Single by Bob Dylan

from the album Street-Legal
- B-side: "New Pony"
- Released: 31 July 1978 (US single)
- Recorded: April 1978
- Genre: Rock
- Length: 5:17
- Label: Columbia
- Songwriter: Bob Dylan
- Producer: Don DeVito

Bob Dylan singles chronology
| "Is Your Love in Vain?" (1978) | "Baby, Stop Crying" (1978) | "Changing of the Guards" (1978) |

= Baby, Stop Crying =

"Baby, Stop Crying" is a song written by Bob Dylan, released in the summer of 1978 as a single and in a longer album version on Street Legal. The song charted at #13 in the UK and was a top-ten song in much of Europe, although it failed to chart in the United States.

==Lyrical interpretation and reception==

The song's narrator is a desperate man attempting to play the role of consoler to a despairing woman, asking her for a pistol in the opening verse, and claiming he "can't tell right from wrong". Commenting on the content of this song, Dylan once said, "The man in that song has his hand out and is not afraid of getting it bit".

Dylan scholar Tony Attwood sees the song as having lyrical roots in Robert Johnson's "Stop Breaking Down".

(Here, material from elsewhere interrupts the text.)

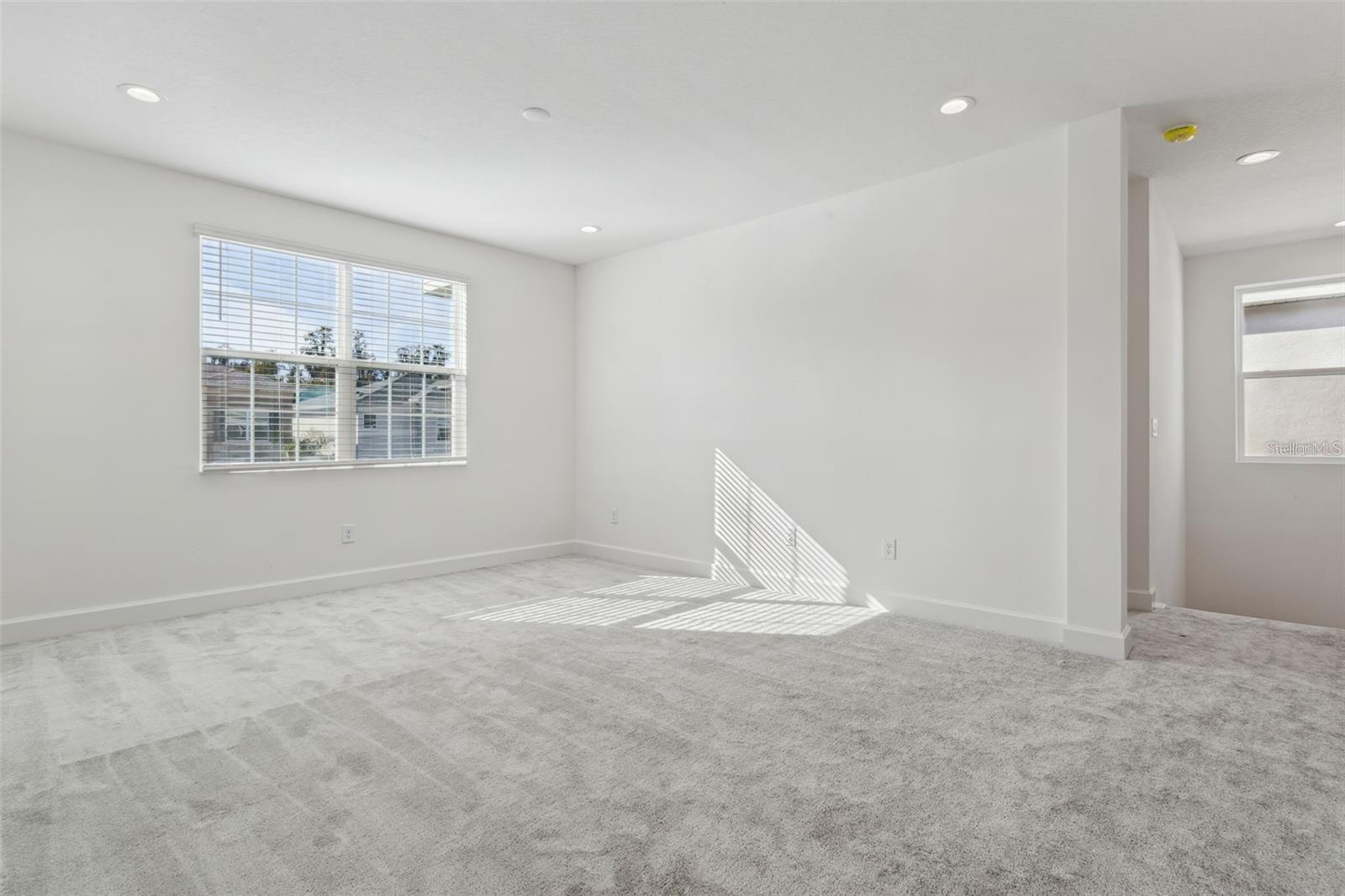 Image 33 of 44 For 3442 Great Banyan Way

Like many of the tracks from Street Legal, "Baby, Stop Crying" features a saxophone and a trio of female backup singers. According to Billboard the female voices provide an "exciting counterpoint" to Dylan's "raspy" vocal performance. Cash Box said that it "has a tight, repetitive hook, backing singers, strong sax solo and organ work." Record World said that "Old fans will lean toward [Dylan's] customary throaty vocals while new audiences might latch on to the high female background singing that gives it just a touch of r&b."

==Live performances==
Dylan performed the song live in concert 39 times. All performances were in 1978.